Question

If the points $ A\left( {x,2} \right),B\left( { - 3, - 4} \right) $ and $ C\left( {7, - 5} \right) $ are collinear, then the value of $ x $ is
A) $ - 63 $
B) $ 63 $
C) $ 60 $
D) $ - 60 $

Answer 1

Hint: Here, in order to solve this question, we will use the fact that three points are said to be collinear if the area of triangle formed using these three points is zero. Area of triangle, $ \vartriangle = \dfrac{1}{2}|\left( {\begin{array}{*{20}{c}}
  1&1&1 \\
  {{x_1}}&{{x_2}}&{{x_3}} \\
  {{y_1}}&{{y_2}}&{{y_3}}
\end{array}} \right)| $
Through this way we can easily find out the value of $ x $ . In order to get started, let us first assume the given points from the question as $ \left( {{x_1},{y_1}} \right) = \left( {x,2} \right),\left( {{x_2},{y_2}} \right) = \left( { - 3, - 4} \right),\left( {{x_3},{y_3}} \right) = \left( {7, - 5} \right) $ . Now substitute these properly in the determinant and equate it to zero and find the value of $ x $ .

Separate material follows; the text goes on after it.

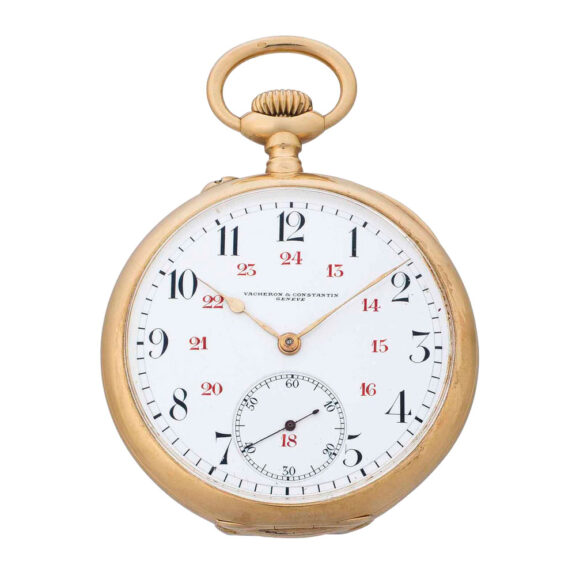 Swiss 18 carat gold lever with twenty four hour dial Circa 1912
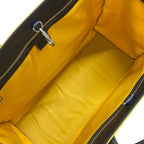 Gucci Tote Bag Off the Grid Dark Yellow Black Leather — view 7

Complete step by step solution:
Given that point $ \left( {x,2} \right),\left( { - 3, - 4} \right) $ and $ \left( {7, - 5} \right) $ are collinear.
We know that when three points are collinear, it means they lie on the same line. Such a set of points cannot form a triangle where all three points must lie on different lines. So, we can say that the area of the triangle formed using these three points will be equal to zero.
Area of triangle, $ \vartriangle = \dfrac{1}{2}|\left( {\begin{array}{*{20}{c}}
  1&1&1 \\
  {{x_1}}&{{x_2}}&{{x_3}} \\
  {{y_1}}&{{y_2}}&{{y_3}}
\end{array}} \right)| $ , where $ \left( {{x_1},{y_1}} \right) = \left( {x,2} \right),\left( {{x_2},{y_2}} \right) = \left( { - 3, - 4} \right),\left( {{x_3},{y_3}} \right) = \left( {7, - 5} \right) $ .
Given that points are collinear $ \Rightarrow \vartriangle = 0 $
Substituting the value in $ \vartriangle $ we get,
 $ \Rightarrow \vartriangle = \dfrac{1}{2}|\left( {\begin{array}{*{20}{c}}
  1&1&1 \\
  x&{ - 3}&7 \\
  2&{ - 4}&{ - 5}
\end{array}} \right)| = 0 $
Opening the determinant along first column we get,
 $
   \Rightarrow \dfrac{1}{2}|\left( {\begin{array}{*{20}{c}}
  1&1&1 \\
  x&{ - 3}&7 \\
  2&{ - 4}&{ - 5}
\end{array}} \right)| = 0 \\
   \Rightarrow \dfrac{1}{2}\left[ {1\left( {\left( { - 3} \right)\left( { - 5} \right) - \left( 7 \right)\left( { - 4} \right)} \right) - 1\left( {\left( { - 5} \right)\left( x \right) - \left( 7 \right)\left( 2 \right)} \right) + 1\left( {\left( { - 4} \right)\left( x \right) - \left( { - 3} \right)\left( 2 \right)} \right)} \right] = 0 \\
   \Rightarrow \dfrac{1}{2}\left[ {1\left( {15 + 28} \right) - 1\left( { - 5x - 14} \right) + 1\left( { - 4x + 6} \right)} \right] = 0 \\
  $
 $
   \Rightarrow \dfrac{1}{2}\left[ {43 + 5x + 14 - 4x + 6} \right] = 0 \\
   \Rightarrow \dfrac{1}{2}\left[ {x + 63} \right] = 0 \\
   \Rightarrow x + 63 = 0 \\
   \Rightarrow x = - 63 \\
  $
The value of $ x $ for which the points $ \left( {x,2} \right),\left( { - 3, - 4} \right) $ and $ \left( {7, - 5} \right) $ are collinear is $ - 63 $ .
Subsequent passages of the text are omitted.